Teen Admits to Setting Tennessee Hotel Blaze
Source The Commercial Appeal, Memphis, Tenn.
A 15-year-old girl stared solemnly at the courtroom floor Wednesday as she admitted to setting a fire in a Germantown hotel while her grandparents slept in the room.
"She has expressed remorse," her attorney, James Gulley, said outside the courtroom.
The teen is scheduled to be sentenced next week.
Prosecutor Jamey Kaplan announced in court that she wants the teen placed with the state Department of Children's Services.
"We think she still poses a hazard," Kaplan said.
She urged the judge to consider two other fires that occurred when the teen was present. Both were within minutes of each other at the grandparents' Cordova home on the evening of May 2.
Kaplan told the judge that around 3:30 a.m. on May 6, the girl went to the front desk of Homewood Suites on Wolf River Boulevard and asked the clerk for matches.
Soon, the clerk evacuated all hotel guests after hearing a fire alarm in the room where the teen and her grandparents, Kenneth and Doris Peters, were staying.
Kenneth Peters shouted for the clerk to get him a fire extinguisher and he put out the fire, which was contained to clothes inside a closet.

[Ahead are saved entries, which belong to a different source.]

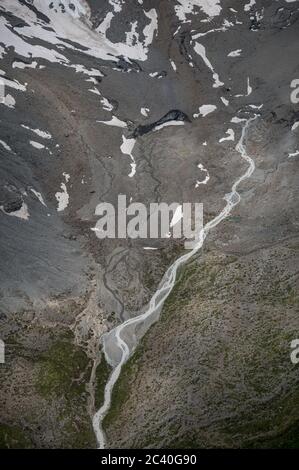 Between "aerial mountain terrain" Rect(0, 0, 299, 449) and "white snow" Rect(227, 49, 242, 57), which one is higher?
"white snow" Rect(227, 49, 242, 57)

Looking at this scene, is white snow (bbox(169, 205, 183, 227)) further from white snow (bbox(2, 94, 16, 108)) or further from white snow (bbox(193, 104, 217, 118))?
white snow (bbox(2, 94, 16, 108))

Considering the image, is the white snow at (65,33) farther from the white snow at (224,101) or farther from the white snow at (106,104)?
the white snow at (224,101)

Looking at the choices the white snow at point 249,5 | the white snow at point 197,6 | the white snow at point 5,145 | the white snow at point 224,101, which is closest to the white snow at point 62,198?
the white snow at point 5,145

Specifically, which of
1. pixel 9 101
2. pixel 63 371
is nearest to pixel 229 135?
pixel 9 101

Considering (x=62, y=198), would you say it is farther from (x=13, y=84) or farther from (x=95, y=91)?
(x=95, y=91)

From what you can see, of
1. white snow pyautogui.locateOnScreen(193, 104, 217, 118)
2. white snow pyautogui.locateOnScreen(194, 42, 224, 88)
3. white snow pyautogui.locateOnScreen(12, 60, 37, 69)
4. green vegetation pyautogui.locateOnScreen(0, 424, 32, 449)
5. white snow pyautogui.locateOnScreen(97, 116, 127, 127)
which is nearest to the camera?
green vegetation pyautogui.locateOnScreen(0, 424, 32, 449)

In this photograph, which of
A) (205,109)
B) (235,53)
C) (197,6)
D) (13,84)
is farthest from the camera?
(197,6)

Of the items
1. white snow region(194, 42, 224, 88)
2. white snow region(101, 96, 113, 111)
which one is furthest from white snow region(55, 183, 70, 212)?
white snow region(194, 42, 224, 88)

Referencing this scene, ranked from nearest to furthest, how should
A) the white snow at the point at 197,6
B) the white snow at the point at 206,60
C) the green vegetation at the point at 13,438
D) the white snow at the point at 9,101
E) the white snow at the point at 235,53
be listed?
the green vegetation at the point at 13,438, the white snow at the point at 9,101, the white snow at the point at 206,60, the white snow at the point at 235,53, the white snow at the point at 197,6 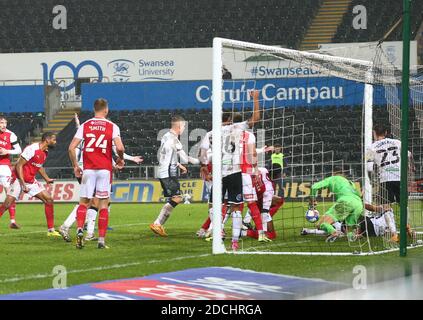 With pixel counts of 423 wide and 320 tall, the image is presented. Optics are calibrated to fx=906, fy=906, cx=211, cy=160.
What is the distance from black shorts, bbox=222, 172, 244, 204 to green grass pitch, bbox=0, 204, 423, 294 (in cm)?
78

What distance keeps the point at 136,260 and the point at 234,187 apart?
2.14 m

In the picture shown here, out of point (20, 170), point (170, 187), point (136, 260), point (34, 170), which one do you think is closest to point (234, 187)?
point (136, 260)

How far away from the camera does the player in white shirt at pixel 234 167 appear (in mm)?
12625

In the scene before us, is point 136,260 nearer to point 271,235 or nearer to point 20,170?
point 271,235

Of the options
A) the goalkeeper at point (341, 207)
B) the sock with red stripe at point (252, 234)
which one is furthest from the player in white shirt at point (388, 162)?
the sock with red stripe at point (252, 234)

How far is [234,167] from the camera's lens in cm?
1283

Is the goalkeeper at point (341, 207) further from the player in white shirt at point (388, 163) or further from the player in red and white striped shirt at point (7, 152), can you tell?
the player in red and white striped shirt at point (7, 152)

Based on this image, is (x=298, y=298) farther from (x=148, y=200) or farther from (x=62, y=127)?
(x=62, y=127)

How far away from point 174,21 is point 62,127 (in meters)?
8.53

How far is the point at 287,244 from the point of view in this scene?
44.4 ft

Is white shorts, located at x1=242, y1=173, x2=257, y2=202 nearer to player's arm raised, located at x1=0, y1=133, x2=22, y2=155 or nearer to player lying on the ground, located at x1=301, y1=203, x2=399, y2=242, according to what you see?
player lying on the ground, located at x1=301, y1=203, x2=399, y2=242

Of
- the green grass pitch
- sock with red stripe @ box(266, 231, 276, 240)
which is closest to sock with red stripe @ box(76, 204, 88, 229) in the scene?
the green grass pitch

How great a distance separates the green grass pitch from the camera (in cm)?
948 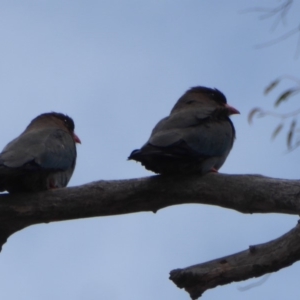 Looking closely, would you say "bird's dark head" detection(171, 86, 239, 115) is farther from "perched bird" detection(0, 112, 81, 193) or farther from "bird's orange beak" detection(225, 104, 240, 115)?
"perched bird" detection(0, 112, 81, 193)

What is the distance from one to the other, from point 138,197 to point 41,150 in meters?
1.39

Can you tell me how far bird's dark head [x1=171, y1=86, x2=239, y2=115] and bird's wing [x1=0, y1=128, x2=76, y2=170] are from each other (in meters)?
1.08

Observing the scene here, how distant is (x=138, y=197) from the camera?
5.74 m

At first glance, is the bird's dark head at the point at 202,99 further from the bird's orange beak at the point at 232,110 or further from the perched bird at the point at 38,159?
the perched bird at the point at 38,159

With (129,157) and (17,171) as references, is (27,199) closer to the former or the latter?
(17,171)

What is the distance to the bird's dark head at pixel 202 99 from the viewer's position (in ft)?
25.8

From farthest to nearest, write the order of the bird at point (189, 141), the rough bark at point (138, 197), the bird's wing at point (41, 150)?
1. the bird's wing at point (41, 150)
2. the bird at point (189, 141)
3. the rough bark at point (138, 197)

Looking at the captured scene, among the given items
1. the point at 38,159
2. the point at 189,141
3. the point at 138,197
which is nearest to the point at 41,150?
the point at 38,159

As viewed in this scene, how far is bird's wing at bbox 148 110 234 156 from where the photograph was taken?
6.29 meters

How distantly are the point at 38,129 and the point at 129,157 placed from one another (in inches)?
76.9

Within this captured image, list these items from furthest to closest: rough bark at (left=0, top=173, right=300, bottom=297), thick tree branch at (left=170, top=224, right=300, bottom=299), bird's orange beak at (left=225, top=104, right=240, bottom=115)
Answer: bird's orange beak at (left=225, top=104, right=240, bottom=115) < rough bark at (left=0, top=173, right=300, bottom=297) < thick tree branch at (left=170, top=224, right=300, bottom=299)

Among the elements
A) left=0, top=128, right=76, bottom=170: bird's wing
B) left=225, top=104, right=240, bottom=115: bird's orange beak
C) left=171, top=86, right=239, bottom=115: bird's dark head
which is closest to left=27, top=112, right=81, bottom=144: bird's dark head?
left=0, top=128, right=76, bottom=170: bird's wing

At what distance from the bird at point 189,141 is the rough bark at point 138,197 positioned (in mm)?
A: 233

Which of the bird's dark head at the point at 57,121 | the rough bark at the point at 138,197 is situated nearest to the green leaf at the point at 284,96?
the rough bark at the point at 138,197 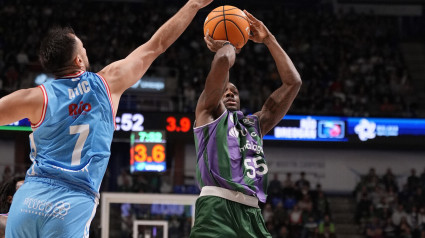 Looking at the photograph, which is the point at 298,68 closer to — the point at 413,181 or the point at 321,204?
the point at 413,181

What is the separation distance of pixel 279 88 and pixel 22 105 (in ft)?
7.75

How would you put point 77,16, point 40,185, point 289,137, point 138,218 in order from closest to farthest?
1. point 40,185
2. point 138,218
3. point 289,137
4. point 77,16

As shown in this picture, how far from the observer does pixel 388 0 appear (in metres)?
25.5

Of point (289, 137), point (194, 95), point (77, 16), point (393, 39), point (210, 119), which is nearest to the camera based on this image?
point (210, 119)

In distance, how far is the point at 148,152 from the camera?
489 inches

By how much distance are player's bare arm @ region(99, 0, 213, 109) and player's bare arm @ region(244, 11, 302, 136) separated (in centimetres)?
140

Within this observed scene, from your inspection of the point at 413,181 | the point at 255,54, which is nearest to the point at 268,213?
the point at 413,181

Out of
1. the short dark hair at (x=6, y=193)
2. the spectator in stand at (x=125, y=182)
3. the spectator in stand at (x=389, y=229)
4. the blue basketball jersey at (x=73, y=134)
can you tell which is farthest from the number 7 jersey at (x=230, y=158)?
the spectator in stand at (x=389, y=229)

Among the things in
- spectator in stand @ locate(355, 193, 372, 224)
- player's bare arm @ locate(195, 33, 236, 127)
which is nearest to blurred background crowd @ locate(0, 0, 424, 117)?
spectator in stand @ locate(355, 193, 372, 224)

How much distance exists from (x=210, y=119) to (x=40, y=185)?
63.7 inches

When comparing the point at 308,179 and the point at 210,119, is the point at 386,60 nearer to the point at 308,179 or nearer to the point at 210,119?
the point at 308,179

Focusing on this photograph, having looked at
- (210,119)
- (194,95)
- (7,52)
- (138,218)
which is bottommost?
(138,218)

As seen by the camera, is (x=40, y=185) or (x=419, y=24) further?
(x=419, y=24)

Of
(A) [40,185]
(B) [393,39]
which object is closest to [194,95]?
(B) [393,39] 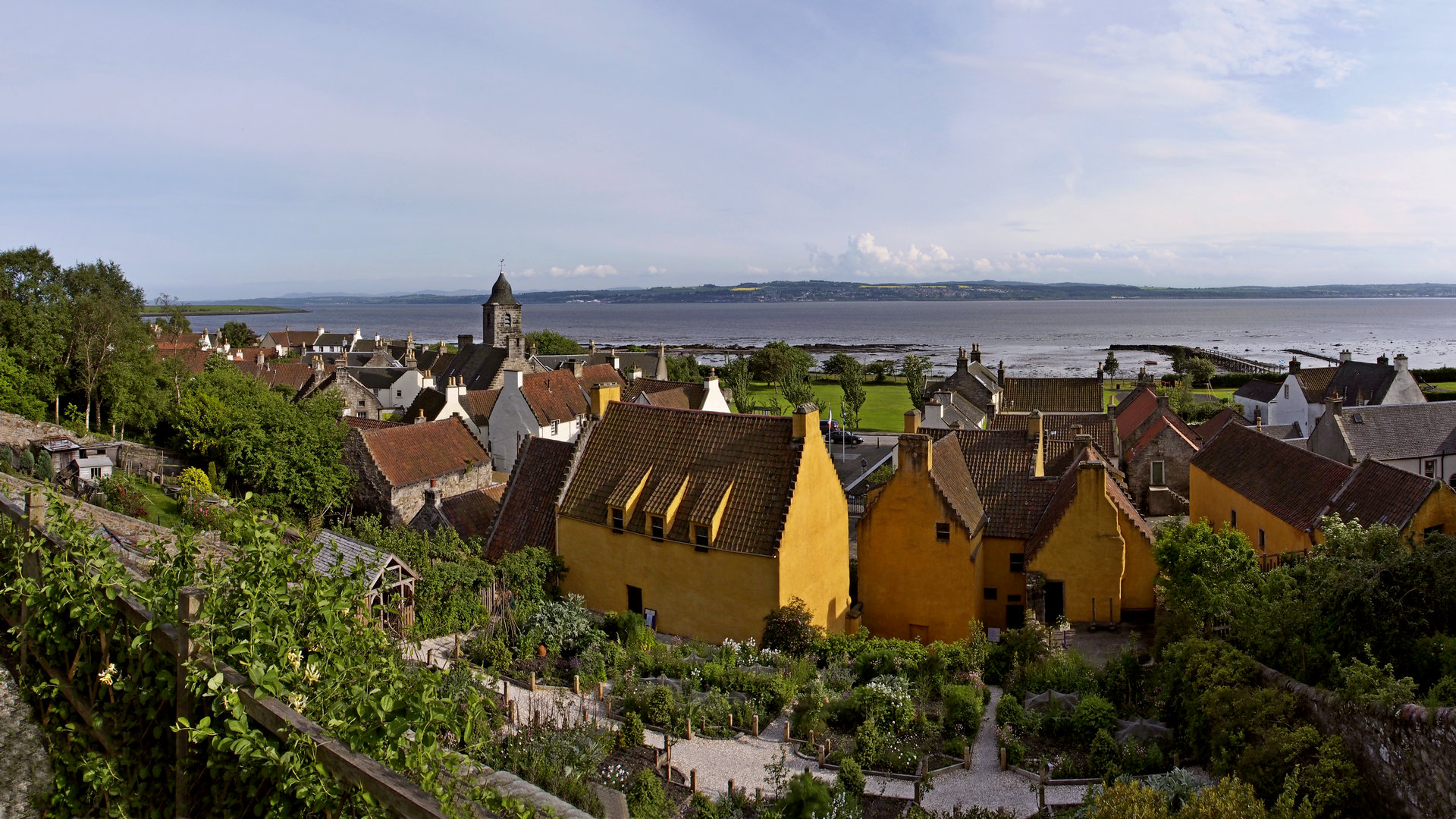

"I need to know if you want to admit to it or go to trial," Magistrate Felicia Hogan told the girl.
The teen replied "I admit it" in such a soft voice, the judge asked her to repeat her answer. Her grandparents stood by her side, but didn't speak in court and declined to comment outside the courthouse.
The teen's motive was not discussed in court.
Her attorney and prosecutors agreed she needs mental health treatment. Her grandparents are her legal guardians, but Gulley wouldn't discuss what had happened with the teen's parents.
The May 2 blaze heavily damaged the 7,205-square-foot Riveredge Drive home, formerly owned by the late music icon Isaac Hayes. Hayes died in the home in 2008.
Kaplan didn't call the teen a suspect in the Cordova fire, and did not mention a March 20, 2011, fire at another home where the teen's grandparents once lived. That home, now a vacant lot, is on Riveredge West, several blocks west of the former Hayes home.
The teen's attorney said another relative is suspected in those fires, though no one has been charged.
The magistrate agreed to keep the girl in the juvenile jail until she is sentenced May 30.
If the judge agrees to put the teen in state custody, DCS -- not the judge -- would decide when she is ready for release. The child welfare agency can hold a minor until the 19th birthday.
The agency's options include placement in a group home or lockup in a secured juvenile facility.
The teen's attorney said he plans to lobby for treatment in a mental health facility, with the judge determining her release date based on recommendations from those who are treating her.
"She needs mental health treatment, period, instead of going to jail," Gulley said, pointing out that she has never been arrested before.
The judge also could order house arrest or supervised probation to be overseen by court workers instead of DCS.